Original article

Progestin as an alternative treatment option for multi-treated recurrent triple-negative breast cancer

DOI: https://doi.org/10.4414/smw.2013.13765
Publication Date: 19.05.2013
Swiss Med Wkly. 2013;143:w13765

Xiangying Meng, Shikai Wu, Zefei Jiang, Bing Sun, Yan Ma, Xin Zhao, Lijuan Ding, Yue Wang, Tao Wang, Shaohua Zhang, Santai Song

Please find the affiliations for this article in the PDF.


OBJECTIVE: Patients with recurrent triple-negative breast cancer (TNBC) currently have no established treatment option other than chemotherapy. However, long-term chemotherapy is often difficult due to adverse effects. A previous study documented a 10%–30% response rate of progestins in oestrogen receptor–negative breast cancer. The aim of this study was to investigate the effect of medroxyprogesterone/megestrol acetate (MPA/MA) in patients with recurrent TNBC.

METHODS: This retrospective observational analysis included 51 patients with recurrent TNBC; 17 were treated with MPA/MA and 34 underwent chemotherapy. The two groups were matched at a 1:2 ratio according to age, metastatic sites, and salvage treatment lines. Efficacy was compared using the χ2 and rank-sum tests. Progression-free survival (PFS) was calculated using the Kaplan–Meier method, and the two groups were compared using the log-rank test.

RESULTS: The two groups were well balanced in terms of age, disease-free survival, number of metastases, and salvage therapy lines. Clinical benefit rates in the MPA/MA and chemotherapy groups were 52.94% and 73.53%, respectively (χ2 test, p = 0.208), and median PFS was comparable between groups (log-rank test, p = 0.135). Median PFS of 1st–6th-line salvage treatments was shorter in the MPA/MA group than in the chemotherapy group (log-rank test, p = 0.036), but median PFS of ≥7th-line salvage treatments was comparable (log-rank test, p = 0.139). Eight patients discontinued chemotherapy due to adverse effects, and one patient withdrew from MPA treatment because of weight gain.

CONCLUSIONS: Progestins (MPA/MA) are an alternative treatment option for multi-treated recurrent TNBC.

Keywords: recurrent breast cancer, triple-negative breast cancer, medroxyprogesterone acetate, megestrol acetate


Tumours without oestrogen receptor (ER), progesterone receptor (PgR), or human epidermal growth factor receptor 2 (HER2) expression are referred to as triple-negative breast cancer (TNBC), representing about 15% of all breast cancers [1–4]. TNBC has an aggressive clinical phenotype with early brain and other distant metastases and a poor prognosis [5–9]. This form of cancer constitutes an important clinical challenge because it is not likely to respond to anti-oestrogen therapy or HER2 antagonists. At present, patients with recurrent TNBC currently have no established treatment option other than chemotherapy [10]. However, the long-term use of chemotherapeutic agents is difficult because of side effects, especially in multi-treated patients. Effective and sustainable therapeutic avenues are greatly needed, as the interruption of treatment may lead to rapid progression.

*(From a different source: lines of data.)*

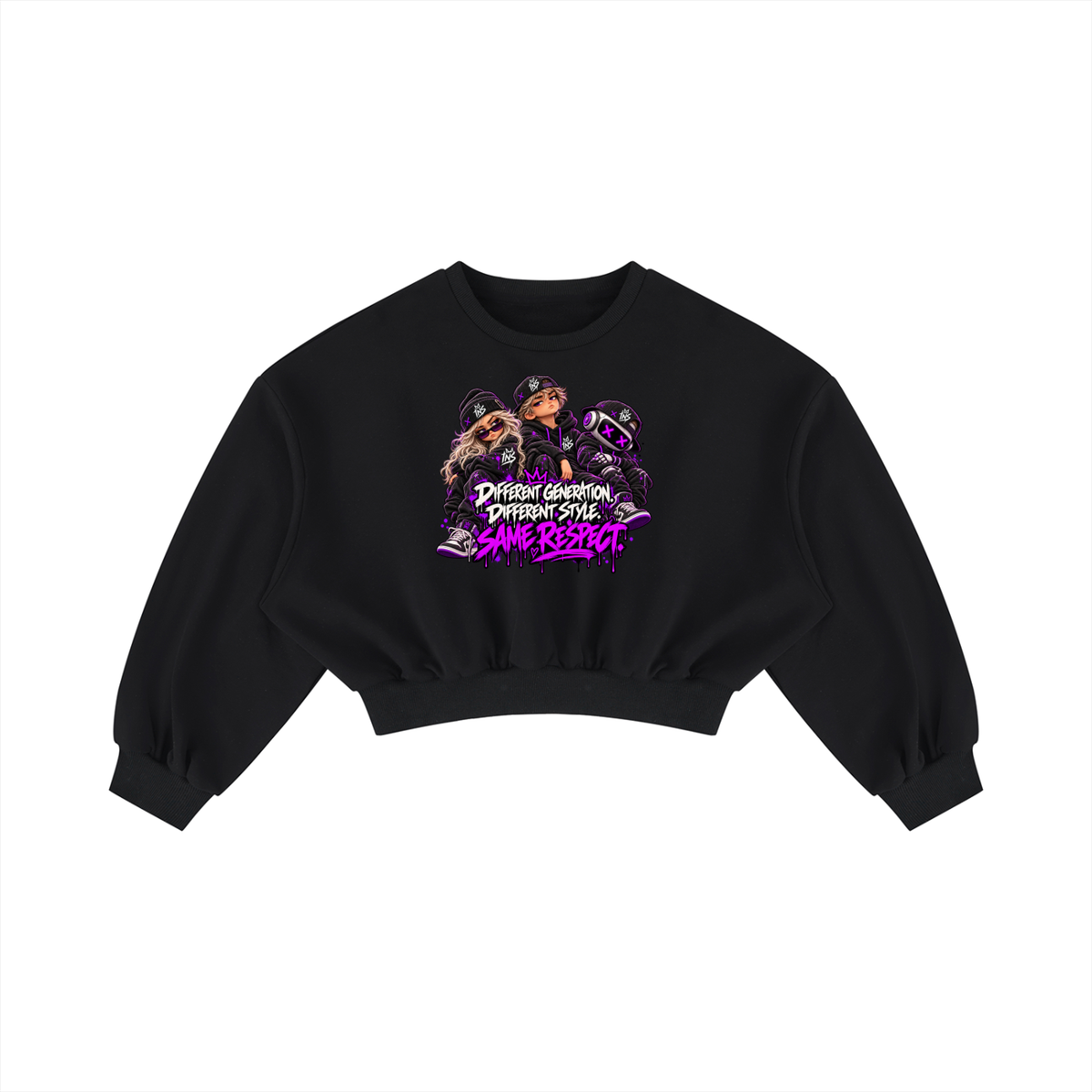 INS Same Respect Cropped Sweatshirt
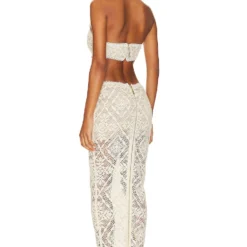 ROBE DE SOIRÉE AMEENA Cream -Ravis Mode Soldes Boutique BROR WD552 V3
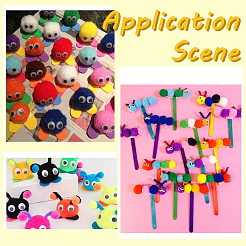 150 Pom-Pom-Ball aus Polyester&nbsp;DIY-SC0031-33E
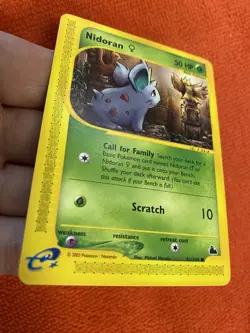 SKYRIDGE NIDORAN 81/144 2003 Non -Holo Pokemon TCG - Image 5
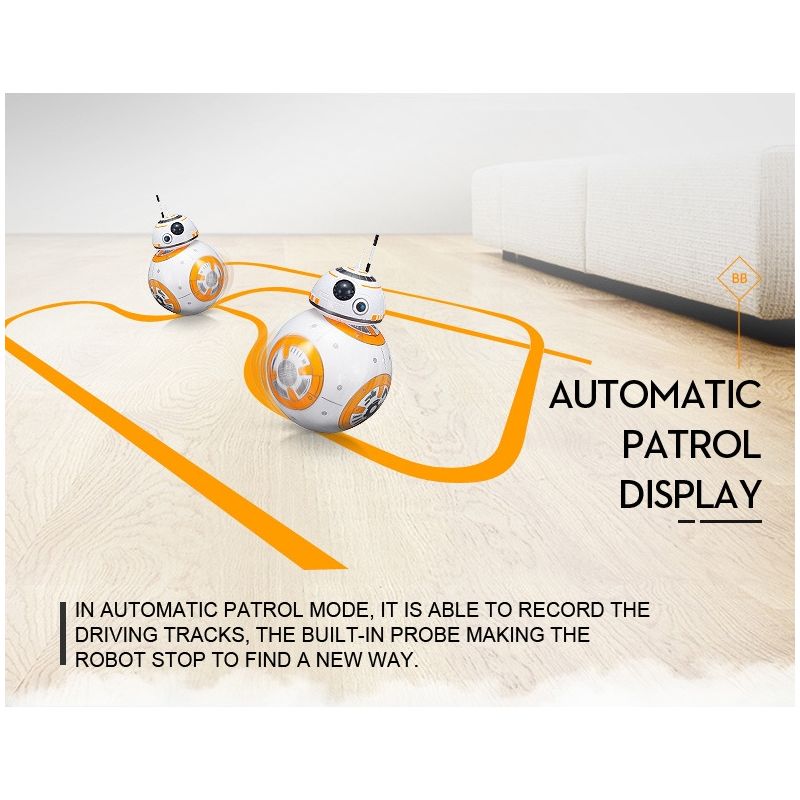 Atualizar 20.5cm Controle Remoto Robô BB-8 Ball RC Inteligente Robô 2.4G BB8 Com Ação Som Figura BB-8 Presente Brinquedos Para Crianças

Endocrine manipulations are generally well tolerated. Selective estrogen response modulators and aromatase inhibitors (AIs) are currently the most commonly used endocrine agents, but such drugs mainly target hormone receptor–positive breast cancers [11, 12]. The progestins megestrol acetate (MA) and medroxyprogesterone acetate (MPA) were used frequently until the early 1990’s as a second-line hormonal therapy for metastatic breast cancer [13]. A previous study showed that MPA and MA achieved comparable median progression-free survival (PFS) [14], and the two agents were more effective in patients with hormone receptor–positive breast cancer than in those with hormone receptor–negative breast cancer. MPA and MA have shown 10%–30% response rates in patients with ER-negative breast cancer [15, 16]. In the 1990‘s, our team reported comparable response rates in patients with ER-negative and ER-positive breast cancer who were treated with progestins [15]. Although the use of progestins declined following the advent of selective estrogen response modulators and AIs, practitioners have recently shown renewed interest in the use of alternative hormonal treatments when conventional therapies fail [16, 17]. Furthermore, MPA/MA is also frequently used in patients with advanced malignancies to improve quality of life [18], especially with respect to appetite [19]; most research on this topic has been published in Chinese.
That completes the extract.